Map of the Battles of the Somme

The Battles of the Somme, July November, 1916 Source: Gerald W.L. Nicholson, Canadian Expeditionary Force, 1914-1919: The Official History of the Canadian Army in the First World War (Ottawa: Queen's Printer and Controller of Stationery, 1962), p. 168.

September 15-November 18, 1916

The Canadians on the Somme

"We have been racehorses at the wire and on the 15th of September the barrier was raised."

War Diary of the 5th Field Ambulance, September 15, 1916. RG 9, series III-D-3, vol. 528.

Canadian troops fought on the Somme in a series of battles that stretched from the last days of summer until winter's first wet snows. The broad objective of this campaign was to pierce the heavy defences that the Germans had been constructing in this area since the start of 1916. Cavalry would then be poured through the breaches to advance deep into German-held territory. Canadian infantry and artillery played major roles in these bloody, but inconclusive battles.

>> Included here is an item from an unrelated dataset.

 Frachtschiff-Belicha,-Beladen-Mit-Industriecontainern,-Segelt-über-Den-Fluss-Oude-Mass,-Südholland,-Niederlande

The Somme campaign of autumn 1916 marked a significant evolution in Allied commanders' understanding of trench warfare. Plans called for troops to capture and consolidate a series of objectives, rather than attempting to achieve everything in one concerted assault. Part of these new tactics included the introduction of two inventions that were designed to overcome the machine gun's dominance. Creeping barrages shielded the infantry as it advanced across open ground, and prevented the enemy machine gunners from defending their trenches. Similarly, commanders hoped that heavily armoured tanks would cross "No Man's Land" with ease and wreak havoc in the enemy's trenches and rear areas. Neither creeping barrages nor tanks were immediately as dominant as their creators had hoped, but their appearance on the battlefield marked a significant development in trench warfare tactics that would pay off in the future.